Somehow, the karma of us stealing his remaining stash would pay back, in part, the cost of my stolen phone. Cam would call his ex Kristen’s gay best friend, who was also addicted to pills, and resell him the 30-pack of Klonopin strips at $8 per, making all profit. Two hundred would go to me for a new phone. The other 40 went to blunts, weed, and probably some all-purpose spray for the grimy wooden counters in the kitchen.
The light-brown hairs on Cam’s neck stood up. His cable arms bashed away at the cheap safe lock, and I could swear his hat was only turned forward this once to hide blue-eyed tears. Had his daddy hauled those sheets of plastic and metal rods at AGFA Polymers for this betrayal to unfold in front of me, a Flatbush, Brooklyn, nigger? A Kingston Jamaican Haile Selassie Live It Every Time reggae dancehall boop-boop-buss-a-shot nigger?
I was shaking. Not only did I not like committing crime — what category was this? Larceny? Misdemeanor? — but I also feared Cam would realize I was a stranger. So I just stood there in my beatdown Dunks, crossing my arms back and forth, pacing around the stucco scrap piles in the garage. A few times, I slipped out the back door to peek over the fence across the way, reassure myself that his dad was not coming home, or that he had grown tired of pulling addict son and indigent son apart, and that… it was my problem now.
Before his third felony conviction, Cam got robbed in a case of mistaken identity. As in, the boys who came to turn over his trailer, where he was housing two women who helped him move packs, they had the wrong lot and the wrong drug-dealer White niggas. The assailants were looking for Garfield, a tatted-up fat White nigga on the far side of the trailer lot, down Branch Road. He also had two women staying with him and was also moving steady packs. After smoking a synthetic marijuana called Spice in a bong, Cam had passed out on his couch. The blood-blind beatdown in his detached home awakened him to nigger nightmares from sound White sleep. The clip end of an MK-47 slapped at his face until he could only taste the sour, salty gurgle of his mouth opening all the way up from hurt.
Just as he felt the wooziness brimming, they let up. “Oh shit!” they exclaimed, and ran off to their cars, but Cam couldn’t see because of the blood blurring his view.
“Just WAIT! WAIT! I’ma find you niggas!” Retelling the story now, hopping up from the recliner, he laughed that part. “And when I do, it’s ON!”
“That’s when I started looking for signs of them niggas,” he said. “The one dude, Chucky, who was fucking the Arby’s assistant manager girl, I used to check for his plate, off in the lot, and then track that nigga home.”

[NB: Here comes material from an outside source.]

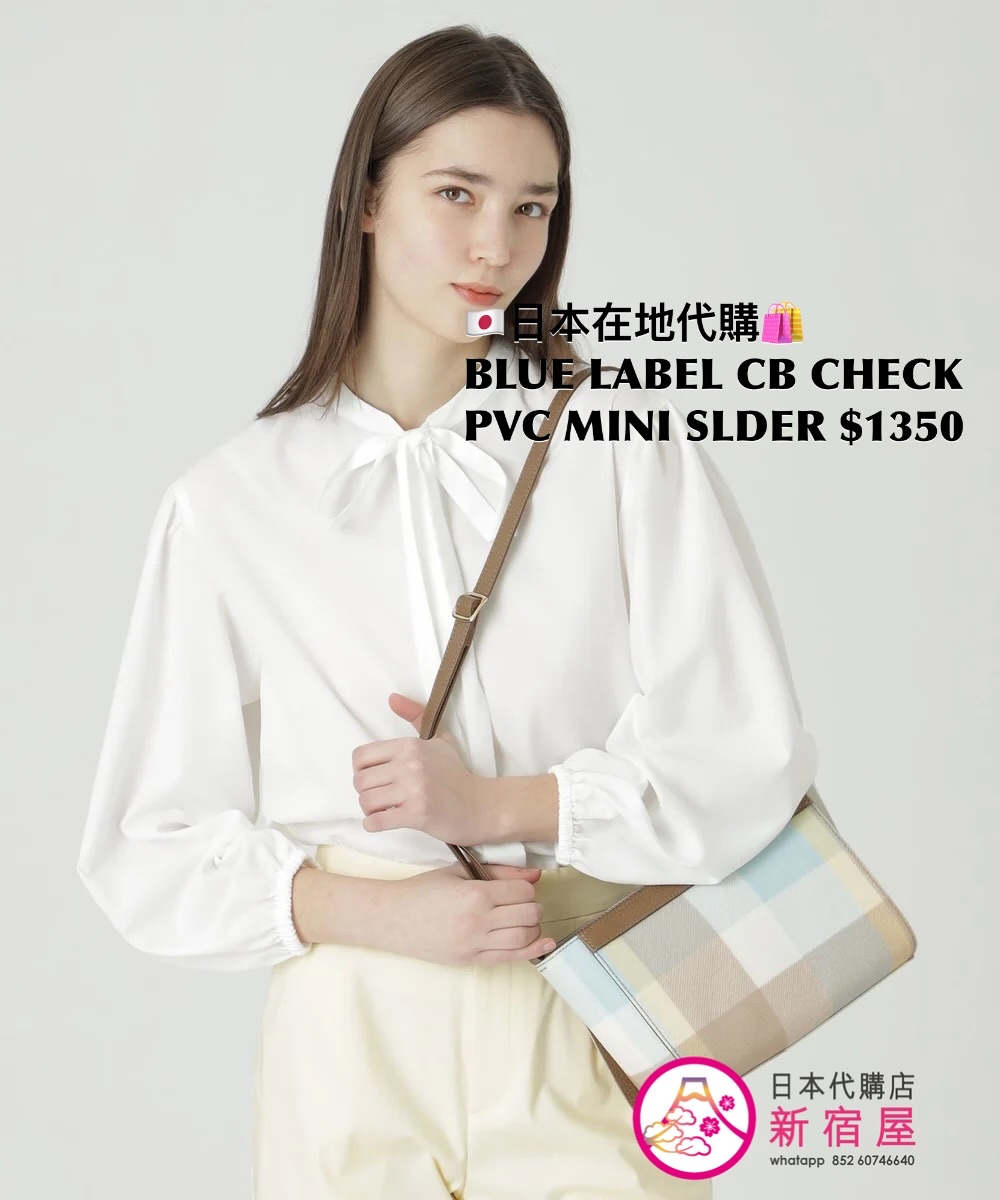 BLUE LABEL CB CHECK PVC MINI SHOULDER BAG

I didn’t want more details on how he caught the third felony charge. The allusion to kidnapping and extortion was enough. If I wanted to stay alive, I couldn’t keep hanging around Cam, or any of these White niggas.
So, instead of falling in love with the idea of our harmony, I left them behind.
I returned to New York in 2014 and resumed what I can’t help but think of as a lucky life. The written word feeds me, and I’m grateful for that. I think about Cam and Jason a lot. I wonder whether they’re listening to the new 2Chainz. I wonder if Cam kept steady work, whether Jason got clean for his two babies.
I haven’t spoken either of them since; I darted out of there too fast to tie up loose ends, and I’m afraid to try. I know we don’t have much in common, that they might feel hurt I vanished without explaining. I know we were all niggas together, in a time and place, but I also know I can’t be that now. Whatever happens—with them, with me—I want to believe that the niggas we were supposed to be escaped, and became men.